## Evaluation with Azure Evaluation SDK

Leverage the evaluation to test the generated output of you agent(s) to verfiy the accuracy, preformance, clarity, coherece, risk and safety and more. You can even build your own evaluators!

To see all the avaliable metrics visit https://learn.microsoft.com/en-us/python/api/azure-ai-evaluation/azure.ai.evaluation?view=azure-python

In [2]:
import requests


api_url = "http://localhost:8000"   # FastAPI uvicorn URL with port 8000
# api_url = "http://localhost:80"     # Docker container URL since we exposed the port 80
# api_url = "https://chinook-backend-api.azurewebsites.net"  # Azure Web App URL
# api_url = "http://20.118.71.68:80"  # AKS URL

res = requests.get(f"{api_url}/health")
res.json()

{'status': '🤙'}

In [3]:
res.status_code

200

In [4]:
res.text

'{"status":"🤙"}'

In [5]:
import os
from dotenv import load_dotenv, find_dotenv
load_dotenv(find_dotenv(), override=True)



# AI assisted quality evaluator
model_config = {
    "azure_endpoint": os.environ.get("AZURE_OPENAI_ENDPOINT"),
    "api_key": os.environ.get("AZURE_OPENAI_API_KEY"),
    "azure_deployment": os.environ.get("AZURE_OPENAI_DEPLOYMENT_NAME"),
}

## Compare the semantic meaning of generated answer to true answer, GroundTruth and the Relevance of the generated answer.

In [17]:

from azure.ai.evaluation import RelevanceEvaluator, SimilarityEvaluator


"""The relevance measure assesses the ability of answers to capture the key points of the context.
High relevance scores signify the AI system's understanding of the input and its capability to produce coherent and contextually appropriate outputs. 
Conversely, low relevance scores indicate that generated responses might be off-topic, lacking in context, or insufficient in addressing the user's intended queries. 
Use the relevance metric when evaluating the AI system's performance in understanding the input and generating contextually appropriate responses.
Relevance scores range from 1 to 5, with 1 being the worst and 5 being the best."""

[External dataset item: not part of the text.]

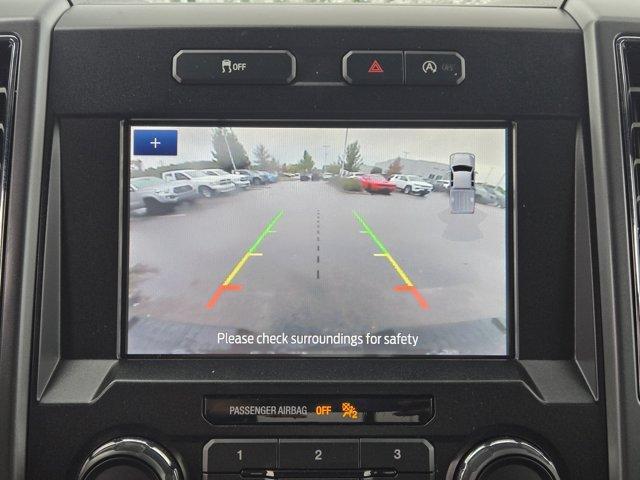 used 2020 Ford F-150 car, priced at $29,690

# Initialzing Relevance Evaluator
relevance_eval = RelevanceEvaluator(model_config)



"""The similarity measure evaluates the likeness between a ground truth sentence (or document) and the AI model's generated prediction. 
This calculation involves creating sentence-level embeddings for both the ground truth and the model's prediction, which are high-dimensional vector
 representations capturing the semantic meaning and context of the sentences.

Use it when you want an objective evaluation of an AI model's performance, particularly in text generation tasks where you have access to ground truth responses.
 Similarity enables you to assess the generated text's semantic alignment with the desired content, helping to gauge the model's quality and accuracy.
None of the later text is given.